4. Data Science Will Belong to the Economists

"We will start to see data science (to the extent that it operates as a coherent entity) increasingly rely on the domain expertise of economists. The early days of data science were very math, statistics and programming oriented. Then there was the rise of the “computational social scientist,” which added sociology to the mix. Many trend setting data science places are finding that sociology, and similar disciplines, tend to be retrospective, while other fields, like economics, offer simulation and auction modeling and other techniques to get more proactive and predictive with data. Of course, most economists don’t have the programming chops to land most data science jobs, but I think we’ll see that start to change significantly."
 
I think coding is important...and it would be nice if students interested in a career in data science could get more exposure to coding (SQL/R/SAS/Python etc.) in the classroom as well as algorithmic approaches (decision trees, neural networks etc.). However, I think its more important to have the analytical thinking skills and grounding in statistical inference that they get from an economics program (both UG and GR). That's the skillset I think will differentiate the data scientists in the future from the very technical tools focused ones in demand today. 

Recently on EconTalk, Russ Roberts and Cathy O'Neil discuss her book Weapons of Math Destruction and they take on issues related to explaining vs predicting, causality vs fitting the data. (see also their previous episode with Susan Athey). The role of quasi-experimental methods and rigorous identification as well as theory was emphasized. And theory is something, having spent the better part of my career focusing on empirical methods (both causal inference and machine learning) that I have not given enough thought to until recently. But the more I think about it....the more I realize it is necessary. Can big data and algorithms deliver tighter, unbiased, and more truthful insights? This excerpt from the 10th edition of Heyne, Boettke, and Pryschitko's The Economic Way of Thinking leads me to think exactly the opposite:

"We can observe facts, but it takes a theory to explain the causes. It takes a theory to weed out the irrelevant facts from the relevant ones."

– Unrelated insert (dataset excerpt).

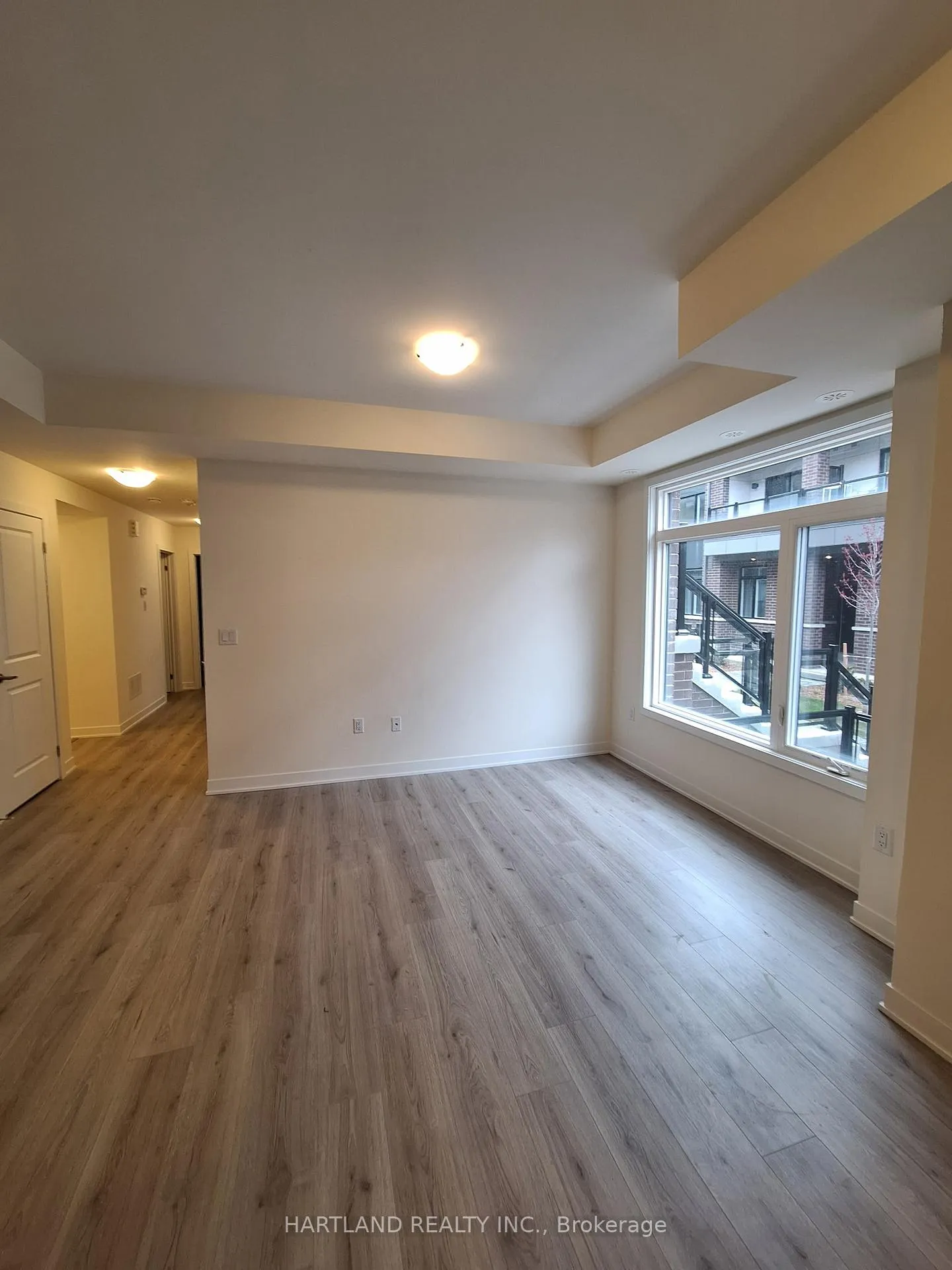 Photo 4 of Unit 1303, 1695 Dersan Street, Pickering, Duffin Heights — HOMEH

And they give an anecdote:

"although the facts clearly show that most pot smokers were former milk drinkers, milk drinking probably is not a relevant fact in explaining pot smoking; similarly, the Superbowl is likely irrelevant when explaining Wall Street Interactions"(even if the data does show that the Dow does well when an NFC team does well)."

And more about theory:


"Our observations of the world are in fact drenched with theory, which is why we can usually make sense out of the buzzing confusion that assaults our eyes and ears. Actually we observe only a small fraction of what we "know," a hint here and a suggestion there. The rest we fill in from the theories we hold: small and broad, vague and precise..."

Big data in many ways is buzzing confusion, and yes algorithmic approaches i.e machine learning can help us find patterns and relationships that can be useful. But relying totally on a data driven process devoid of theory is more often going to lead us down the wrong path depending on the questions we are trying to answer. Economics is a way of thinking and economic theory can help us make sense of what we find, it can help us ask better or important questions, and can help guide us to understand the answers to those questions. It is forward looking as the article above states.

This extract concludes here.